FAA Chief Administrator Steve Dickson  took the stage for a keynote addressed to a full – appropriately socially distanced – global audience of drone industry stakeholders.

Dickson comes from a manned aircraft background, as an executive for Delta Airlines, and his approach to drone integration reflects that: Dickson is justifiably proud of the safety record that the U.S. holds in aerospace, and made it clear that the public has a right to expect that safety record to continue.  After the requisite statement on safety, Dickson provided a valuable update on the progress of drone regulation and integration.

Trusted Integration

Dickson says that the FAA goal is “trusted integration.”  “Trusted Integration,” he says, “means that we have confidence that we’re all on the same page to get drones safely and efficiently integrated into the airspace.”  With the cooperative rulemaking committees in place at the FAA – from the Drone Advisory Committee to the newly formed BVLOS Advisory Rulemaking Committee – help to ensure that all parties understand the goals and the reasons behind drone policy.

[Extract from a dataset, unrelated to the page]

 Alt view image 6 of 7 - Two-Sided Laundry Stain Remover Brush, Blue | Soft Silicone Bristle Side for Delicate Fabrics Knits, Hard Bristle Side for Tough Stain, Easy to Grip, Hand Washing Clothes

“I see policy as a protective sphere around the airplane,” he said. “For drone integration, we’ve done our best to allow for as much innovation and operation as possible… we’re actually at the point right now where we are bumping up against the edges of what’s practical.”

Next Steps: BVLOS Flight, Drone Certification – and FAA Reorganization

While Dickson calls Remote ID “a significant milestone in our journey,” flight beyond visual line of sight (BVLOS) and aircraft certification are next on the agenda for the agency.

For BVLOS flight, Dickson says that the agency is moving quickly, and expects to receive feedback from the BVLOS Advisory Committee by late fall, which should result in a notice of proposed rulemaking.   Aircraft certification is also changing: the FAA is evolving the way that they certify aircraft, though the MOSAIC program – which stands for Modernization of Special Airworthiness Certificates.  That evolution, Dickson explains, appropriately scales the aircraft certification process to accommodate new aircraft.

Finally, Dickson said that the FAA itself is changing.  “We’re evolving the agency,” Dickson said, in order to make it easier for flyers to find the resources that they need and to integrate unmanned systems into the manned aircraft control systems.

“It’s important that we’re able to operate in harmony with manned aviation,” said Dickson.